◆ EXERCISE ◆
With the line that contains "Women Retro Striped" as the final line, return every line from the start of the data below exactly.

*** Block opens ***

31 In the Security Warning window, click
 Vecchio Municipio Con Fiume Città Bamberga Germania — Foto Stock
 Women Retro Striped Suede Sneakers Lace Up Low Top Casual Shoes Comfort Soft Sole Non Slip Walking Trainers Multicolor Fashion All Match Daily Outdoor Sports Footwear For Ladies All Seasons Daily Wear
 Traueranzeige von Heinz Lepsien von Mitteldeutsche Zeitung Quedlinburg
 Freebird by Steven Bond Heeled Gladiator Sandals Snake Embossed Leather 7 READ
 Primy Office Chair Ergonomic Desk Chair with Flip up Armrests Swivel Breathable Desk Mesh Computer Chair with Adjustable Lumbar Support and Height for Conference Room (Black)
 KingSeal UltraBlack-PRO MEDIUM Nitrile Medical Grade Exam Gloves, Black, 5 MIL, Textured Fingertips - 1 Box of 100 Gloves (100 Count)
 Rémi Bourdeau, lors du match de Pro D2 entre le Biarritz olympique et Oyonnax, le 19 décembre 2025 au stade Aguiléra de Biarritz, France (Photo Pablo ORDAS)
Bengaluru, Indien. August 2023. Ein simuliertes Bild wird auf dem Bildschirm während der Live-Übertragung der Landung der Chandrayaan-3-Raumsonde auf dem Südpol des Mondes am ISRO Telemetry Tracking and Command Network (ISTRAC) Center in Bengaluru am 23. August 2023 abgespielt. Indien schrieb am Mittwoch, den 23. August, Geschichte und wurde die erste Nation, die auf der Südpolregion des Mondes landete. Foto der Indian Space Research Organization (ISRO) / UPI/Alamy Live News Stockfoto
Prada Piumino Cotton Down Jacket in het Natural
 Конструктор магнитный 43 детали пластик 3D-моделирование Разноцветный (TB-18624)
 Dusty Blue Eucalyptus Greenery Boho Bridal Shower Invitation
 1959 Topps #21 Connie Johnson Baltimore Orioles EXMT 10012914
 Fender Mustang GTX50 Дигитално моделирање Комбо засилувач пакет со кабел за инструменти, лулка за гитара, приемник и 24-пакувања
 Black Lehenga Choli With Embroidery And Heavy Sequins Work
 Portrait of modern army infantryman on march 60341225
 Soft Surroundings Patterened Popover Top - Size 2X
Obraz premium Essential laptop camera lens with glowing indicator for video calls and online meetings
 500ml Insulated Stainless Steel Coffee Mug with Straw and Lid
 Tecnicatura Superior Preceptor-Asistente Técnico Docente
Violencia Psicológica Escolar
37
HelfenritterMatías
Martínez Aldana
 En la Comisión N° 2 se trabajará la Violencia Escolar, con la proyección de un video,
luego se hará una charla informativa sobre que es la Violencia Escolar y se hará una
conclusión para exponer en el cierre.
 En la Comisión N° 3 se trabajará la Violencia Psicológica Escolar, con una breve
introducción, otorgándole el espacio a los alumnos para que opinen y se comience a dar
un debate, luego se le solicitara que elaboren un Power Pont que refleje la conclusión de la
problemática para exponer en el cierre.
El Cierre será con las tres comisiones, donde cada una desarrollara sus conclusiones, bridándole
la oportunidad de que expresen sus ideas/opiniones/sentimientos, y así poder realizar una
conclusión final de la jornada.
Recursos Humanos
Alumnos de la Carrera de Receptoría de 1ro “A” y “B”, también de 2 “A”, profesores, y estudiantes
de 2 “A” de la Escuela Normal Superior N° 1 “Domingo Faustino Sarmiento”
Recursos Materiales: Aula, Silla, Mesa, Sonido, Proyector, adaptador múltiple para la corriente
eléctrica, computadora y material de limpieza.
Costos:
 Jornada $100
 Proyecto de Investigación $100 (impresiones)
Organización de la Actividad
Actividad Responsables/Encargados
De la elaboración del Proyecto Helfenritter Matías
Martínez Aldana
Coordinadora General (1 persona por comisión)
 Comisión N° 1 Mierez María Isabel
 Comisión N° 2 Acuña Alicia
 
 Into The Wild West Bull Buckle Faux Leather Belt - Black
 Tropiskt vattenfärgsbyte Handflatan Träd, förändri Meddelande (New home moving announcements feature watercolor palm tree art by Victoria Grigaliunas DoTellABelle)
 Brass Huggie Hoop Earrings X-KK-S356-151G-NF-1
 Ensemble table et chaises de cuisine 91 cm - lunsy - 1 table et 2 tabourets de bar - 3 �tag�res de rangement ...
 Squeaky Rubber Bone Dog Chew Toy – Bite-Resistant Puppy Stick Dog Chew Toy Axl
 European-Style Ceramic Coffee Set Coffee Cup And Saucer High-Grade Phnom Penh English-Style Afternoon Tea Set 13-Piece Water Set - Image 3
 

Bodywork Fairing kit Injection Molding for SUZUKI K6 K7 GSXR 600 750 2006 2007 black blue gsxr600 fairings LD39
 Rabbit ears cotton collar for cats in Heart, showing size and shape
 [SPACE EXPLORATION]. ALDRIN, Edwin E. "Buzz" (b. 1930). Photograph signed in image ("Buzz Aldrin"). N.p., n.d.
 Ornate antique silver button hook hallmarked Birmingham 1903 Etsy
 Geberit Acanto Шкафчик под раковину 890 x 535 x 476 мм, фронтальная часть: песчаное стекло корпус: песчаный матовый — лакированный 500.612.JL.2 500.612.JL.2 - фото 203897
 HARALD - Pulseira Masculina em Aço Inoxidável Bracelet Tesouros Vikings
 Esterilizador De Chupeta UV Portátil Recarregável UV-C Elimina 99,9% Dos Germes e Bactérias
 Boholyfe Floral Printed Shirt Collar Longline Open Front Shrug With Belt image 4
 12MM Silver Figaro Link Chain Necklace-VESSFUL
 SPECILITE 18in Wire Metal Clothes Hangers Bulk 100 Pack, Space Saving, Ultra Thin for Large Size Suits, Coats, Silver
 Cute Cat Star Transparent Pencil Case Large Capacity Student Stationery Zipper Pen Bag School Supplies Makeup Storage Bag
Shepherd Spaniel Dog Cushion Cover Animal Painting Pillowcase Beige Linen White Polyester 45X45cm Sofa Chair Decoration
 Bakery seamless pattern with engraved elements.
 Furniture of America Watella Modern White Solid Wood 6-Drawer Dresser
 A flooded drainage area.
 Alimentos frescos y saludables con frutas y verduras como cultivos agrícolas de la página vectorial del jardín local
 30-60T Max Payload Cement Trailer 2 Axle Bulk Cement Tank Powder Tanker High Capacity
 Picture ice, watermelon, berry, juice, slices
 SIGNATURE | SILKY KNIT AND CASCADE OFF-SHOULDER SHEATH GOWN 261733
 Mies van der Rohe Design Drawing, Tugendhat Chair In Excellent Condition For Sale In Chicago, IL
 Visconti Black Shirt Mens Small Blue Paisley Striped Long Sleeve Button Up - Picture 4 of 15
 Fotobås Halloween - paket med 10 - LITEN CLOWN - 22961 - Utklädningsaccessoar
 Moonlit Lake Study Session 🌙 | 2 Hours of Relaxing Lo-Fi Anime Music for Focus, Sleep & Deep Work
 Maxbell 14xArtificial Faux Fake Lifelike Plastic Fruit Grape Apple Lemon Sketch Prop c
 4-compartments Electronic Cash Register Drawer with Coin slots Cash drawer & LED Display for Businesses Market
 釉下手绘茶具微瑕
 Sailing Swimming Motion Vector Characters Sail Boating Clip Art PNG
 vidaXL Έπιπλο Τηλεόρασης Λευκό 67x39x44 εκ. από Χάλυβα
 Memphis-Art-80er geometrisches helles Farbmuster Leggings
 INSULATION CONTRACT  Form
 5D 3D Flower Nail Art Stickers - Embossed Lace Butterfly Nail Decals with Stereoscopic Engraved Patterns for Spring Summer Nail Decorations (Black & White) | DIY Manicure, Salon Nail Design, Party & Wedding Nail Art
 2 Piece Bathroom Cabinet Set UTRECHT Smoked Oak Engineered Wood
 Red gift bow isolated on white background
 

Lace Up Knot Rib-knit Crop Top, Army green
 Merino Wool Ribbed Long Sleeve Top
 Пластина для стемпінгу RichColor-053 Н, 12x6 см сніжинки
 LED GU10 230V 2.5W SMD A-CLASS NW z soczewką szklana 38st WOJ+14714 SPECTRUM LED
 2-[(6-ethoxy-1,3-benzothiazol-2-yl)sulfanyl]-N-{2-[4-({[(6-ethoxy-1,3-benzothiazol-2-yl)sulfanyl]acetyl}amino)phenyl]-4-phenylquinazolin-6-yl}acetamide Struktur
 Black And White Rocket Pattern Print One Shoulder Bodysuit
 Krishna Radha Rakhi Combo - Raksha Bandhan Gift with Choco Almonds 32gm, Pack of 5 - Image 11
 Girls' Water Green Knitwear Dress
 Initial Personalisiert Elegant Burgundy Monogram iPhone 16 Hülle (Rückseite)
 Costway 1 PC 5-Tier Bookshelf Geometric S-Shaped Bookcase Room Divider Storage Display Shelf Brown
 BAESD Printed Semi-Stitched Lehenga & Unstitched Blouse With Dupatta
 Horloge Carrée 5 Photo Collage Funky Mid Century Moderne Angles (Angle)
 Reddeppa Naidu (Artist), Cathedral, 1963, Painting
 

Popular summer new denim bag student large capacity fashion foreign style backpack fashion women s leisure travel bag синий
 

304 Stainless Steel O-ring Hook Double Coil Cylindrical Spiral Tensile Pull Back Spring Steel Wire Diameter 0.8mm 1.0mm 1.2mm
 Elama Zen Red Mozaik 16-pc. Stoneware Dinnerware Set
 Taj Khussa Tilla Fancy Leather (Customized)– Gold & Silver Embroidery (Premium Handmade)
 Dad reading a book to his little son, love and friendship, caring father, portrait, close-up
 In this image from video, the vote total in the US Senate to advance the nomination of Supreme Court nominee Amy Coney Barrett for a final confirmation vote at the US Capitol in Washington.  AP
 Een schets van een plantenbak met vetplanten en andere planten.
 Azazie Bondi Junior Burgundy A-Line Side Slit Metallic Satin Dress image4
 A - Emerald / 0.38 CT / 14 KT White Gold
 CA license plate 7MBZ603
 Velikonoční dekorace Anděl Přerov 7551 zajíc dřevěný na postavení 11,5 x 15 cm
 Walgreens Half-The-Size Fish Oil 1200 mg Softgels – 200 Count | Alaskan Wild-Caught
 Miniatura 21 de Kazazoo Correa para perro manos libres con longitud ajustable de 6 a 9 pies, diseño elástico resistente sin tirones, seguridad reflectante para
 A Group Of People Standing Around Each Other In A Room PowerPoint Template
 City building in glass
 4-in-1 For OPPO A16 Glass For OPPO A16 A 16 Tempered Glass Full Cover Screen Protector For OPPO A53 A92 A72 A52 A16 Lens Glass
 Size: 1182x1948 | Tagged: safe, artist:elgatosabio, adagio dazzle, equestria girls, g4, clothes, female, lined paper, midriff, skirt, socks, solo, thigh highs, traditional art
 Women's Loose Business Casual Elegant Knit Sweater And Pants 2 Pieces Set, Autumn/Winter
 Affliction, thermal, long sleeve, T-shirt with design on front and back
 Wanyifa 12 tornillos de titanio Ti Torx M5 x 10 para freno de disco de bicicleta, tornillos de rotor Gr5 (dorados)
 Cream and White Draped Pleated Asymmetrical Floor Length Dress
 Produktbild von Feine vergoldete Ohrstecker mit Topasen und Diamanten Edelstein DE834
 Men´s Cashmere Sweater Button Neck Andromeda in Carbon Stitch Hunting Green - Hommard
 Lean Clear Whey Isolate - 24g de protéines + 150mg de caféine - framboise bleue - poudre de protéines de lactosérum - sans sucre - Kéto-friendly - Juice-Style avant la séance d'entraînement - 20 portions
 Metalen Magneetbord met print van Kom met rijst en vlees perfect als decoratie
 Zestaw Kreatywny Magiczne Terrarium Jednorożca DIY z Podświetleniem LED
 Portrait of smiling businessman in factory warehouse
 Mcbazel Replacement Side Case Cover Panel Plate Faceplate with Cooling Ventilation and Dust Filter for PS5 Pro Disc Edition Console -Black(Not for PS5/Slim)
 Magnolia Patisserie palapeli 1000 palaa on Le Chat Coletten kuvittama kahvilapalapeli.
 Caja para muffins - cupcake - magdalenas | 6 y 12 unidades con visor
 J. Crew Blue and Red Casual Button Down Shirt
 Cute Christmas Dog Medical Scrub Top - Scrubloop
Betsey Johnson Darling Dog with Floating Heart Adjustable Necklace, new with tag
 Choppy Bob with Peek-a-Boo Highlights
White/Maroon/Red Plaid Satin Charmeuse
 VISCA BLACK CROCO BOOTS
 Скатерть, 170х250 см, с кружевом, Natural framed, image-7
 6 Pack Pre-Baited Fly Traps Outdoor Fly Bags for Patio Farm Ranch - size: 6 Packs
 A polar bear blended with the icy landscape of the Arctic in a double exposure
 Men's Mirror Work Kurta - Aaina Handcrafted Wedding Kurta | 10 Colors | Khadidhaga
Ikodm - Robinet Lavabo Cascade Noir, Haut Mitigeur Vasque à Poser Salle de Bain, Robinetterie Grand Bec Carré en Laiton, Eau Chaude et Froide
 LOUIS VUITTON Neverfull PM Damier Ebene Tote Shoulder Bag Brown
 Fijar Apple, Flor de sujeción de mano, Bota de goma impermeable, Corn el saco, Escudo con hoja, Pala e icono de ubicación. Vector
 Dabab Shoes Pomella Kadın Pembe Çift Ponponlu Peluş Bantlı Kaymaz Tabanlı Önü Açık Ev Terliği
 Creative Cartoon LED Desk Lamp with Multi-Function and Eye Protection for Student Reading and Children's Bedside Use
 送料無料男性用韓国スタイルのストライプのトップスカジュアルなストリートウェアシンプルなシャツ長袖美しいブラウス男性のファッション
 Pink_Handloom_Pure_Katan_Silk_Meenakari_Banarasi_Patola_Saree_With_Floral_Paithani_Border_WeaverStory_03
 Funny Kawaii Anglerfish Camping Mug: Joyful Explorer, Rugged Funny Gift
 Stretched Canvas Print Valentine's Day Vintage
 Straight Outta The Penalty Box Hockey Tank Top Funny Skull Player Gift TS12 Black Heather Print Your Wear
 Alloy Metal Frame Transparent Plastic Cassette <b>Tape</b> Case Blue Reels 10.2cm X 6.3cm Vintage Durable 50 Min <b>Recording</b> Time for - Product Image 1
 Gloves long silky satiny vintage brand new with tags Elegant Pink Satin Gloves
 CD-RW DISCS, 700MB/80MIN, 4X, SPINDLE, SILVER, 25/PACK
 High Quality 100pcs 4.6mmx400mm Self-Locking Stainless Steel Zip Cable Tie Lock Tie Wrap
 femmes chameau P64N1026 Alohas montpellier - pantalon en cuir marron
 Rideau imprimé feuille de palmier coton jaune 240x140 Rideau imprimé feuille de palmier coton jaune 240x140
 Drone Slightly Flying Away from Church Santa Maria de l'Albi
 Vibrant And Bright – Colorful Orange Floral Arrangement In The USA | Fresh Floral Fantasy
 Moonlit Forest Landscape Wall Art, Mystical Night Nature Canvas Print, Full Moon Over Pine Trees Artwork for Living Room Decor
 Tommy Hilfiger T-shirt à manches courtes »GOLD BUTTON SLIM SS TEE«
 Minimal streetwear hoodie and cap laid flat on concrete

*** Block closes ***

◆ ANSWER TO THE EXERCISE ◆
31 In the Security Warning window, click
 Vecchio Municipio Con Fiume Città Bamberga Germania — Foto Stock
 Women Retro Striped Suede Sneakers Lace Up Low Top Casual Shoes Comfort Soft Sole Non Slip Walking Trainers Multicolor Fashion All Match Daily Outdoor Sports Footwear For Ladies All Seasons Daily Wear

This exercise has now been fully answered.